Would you please transcribe, exactly as written, the lines of the entries below starting at the one that holds "Used 2025 Chevrolet" and ending at the one that holds "Used 2026 Land", both included?

"""

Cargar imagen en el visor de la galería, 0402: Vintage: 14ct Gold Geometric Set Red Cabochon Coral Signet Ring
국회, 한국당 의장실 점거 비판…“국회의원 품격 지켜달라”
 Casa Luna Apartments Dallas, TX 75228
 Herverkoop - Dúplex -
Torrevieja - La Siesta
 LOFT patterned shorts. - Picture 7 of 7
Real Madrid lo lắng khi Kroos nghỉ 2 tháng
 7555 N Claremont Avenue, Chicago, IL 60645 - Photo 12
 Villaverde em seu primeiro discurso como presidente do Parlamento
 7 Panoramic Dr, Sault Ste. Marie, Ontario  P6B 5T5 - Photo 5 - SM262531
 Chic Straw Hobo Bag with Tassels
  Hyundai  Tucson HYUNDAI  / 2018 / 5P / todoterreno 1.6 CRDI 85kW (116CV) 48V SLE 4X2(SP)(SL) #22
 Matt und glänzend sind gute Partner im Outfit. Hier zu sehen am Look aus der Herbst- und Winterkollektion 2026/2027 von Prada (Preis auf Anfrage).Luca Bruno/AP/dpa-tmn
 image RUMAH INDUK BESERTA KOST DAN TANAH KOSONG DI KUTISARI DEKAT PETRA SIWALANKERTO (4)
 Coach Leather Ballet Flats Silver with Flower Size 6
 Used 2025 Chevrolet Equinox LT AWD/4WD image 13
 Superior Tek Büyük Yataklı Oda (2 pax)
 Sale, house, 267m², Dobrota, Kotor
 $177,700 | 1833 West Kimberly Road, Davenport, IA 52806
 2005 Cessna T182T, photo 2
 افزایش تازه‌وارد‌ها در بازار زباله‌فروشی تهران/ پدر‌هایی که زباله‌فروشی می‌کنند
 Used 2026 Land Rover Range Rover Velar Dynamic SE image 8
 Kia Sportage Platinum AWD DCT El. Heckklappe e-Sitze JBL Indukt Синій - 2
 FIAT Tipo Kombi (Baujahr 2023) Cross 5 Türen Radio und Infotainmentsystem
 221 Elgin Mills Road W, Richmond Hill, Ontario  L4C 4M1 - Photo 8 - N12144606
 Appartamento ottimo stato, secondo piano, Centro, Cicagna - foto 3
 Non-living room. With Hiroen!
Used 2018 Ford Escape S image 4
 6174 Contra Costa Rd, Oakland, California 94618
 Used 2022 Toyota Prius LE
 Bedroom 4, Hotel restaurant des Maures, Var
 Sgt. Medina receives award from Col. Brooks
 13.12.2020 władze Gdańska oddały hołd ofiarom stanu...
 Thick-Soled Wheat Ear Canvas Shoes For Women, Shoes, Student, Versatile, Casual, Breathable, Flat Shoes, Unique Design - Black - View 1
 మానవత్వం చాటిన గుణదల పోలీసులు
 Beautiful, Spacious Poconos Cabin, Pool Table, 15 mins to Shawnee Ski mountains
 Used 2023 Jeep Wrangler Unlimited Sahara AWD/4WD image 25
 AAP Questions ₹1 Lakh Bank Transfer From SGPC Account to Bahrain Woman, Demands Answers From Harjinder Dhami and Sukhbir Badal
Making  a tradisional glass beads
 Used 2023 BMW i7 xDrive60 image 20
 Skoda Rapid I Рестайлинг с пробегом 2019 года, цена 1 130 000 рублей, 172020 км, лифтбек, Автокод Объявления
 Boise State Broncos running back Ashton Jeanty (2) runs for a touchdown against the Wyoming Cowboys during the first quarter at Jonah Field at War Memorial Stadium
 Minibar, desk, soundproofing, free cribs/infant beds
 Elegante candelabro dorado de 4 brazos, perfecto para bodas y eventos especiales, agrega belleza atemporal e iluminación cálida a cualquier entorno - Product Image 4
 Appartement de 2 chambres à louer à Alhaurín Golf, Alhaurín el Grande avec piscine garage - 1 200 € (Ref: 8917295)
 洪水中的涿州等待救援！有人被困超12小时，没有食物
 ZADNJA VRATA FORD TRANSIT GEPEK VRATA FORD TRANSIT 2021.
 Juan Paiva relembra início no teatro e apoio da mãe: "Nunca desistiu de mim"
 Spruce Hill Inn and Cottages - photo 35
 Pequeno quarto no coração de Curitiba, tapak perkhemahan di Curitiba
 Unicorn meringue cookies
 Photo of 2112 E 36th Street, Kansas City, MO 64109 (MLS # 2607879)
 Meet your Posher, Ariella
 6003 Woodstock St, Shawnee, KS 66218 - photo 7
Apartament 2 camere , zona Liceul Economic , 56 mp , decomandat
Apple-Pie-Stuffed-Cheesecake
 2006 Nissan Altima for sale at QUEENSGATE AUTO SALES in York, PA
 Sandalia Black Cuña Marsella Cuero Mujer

"""

» ANSWER BOX
 Used 2025 Chevrolet Equinox LT AWD/4WD image 13
 Superior Tek Büyük Yataklı Oda (2 pax)
 Sale, house, 267m², Dobrota, Kotor
 $177,700 | 1833 West Kimberly Road, Davenport, IA 52806
 2005 Cessna T182T, photo 2
 افزایش تازه‌وارد‌ها در بازار زباله‌فروشی تهران/ پدر‌هایی که زباله‌فروشی می‌کنند
 Used 2026 Land Rover Range Rover Velar Dynamic SE image 8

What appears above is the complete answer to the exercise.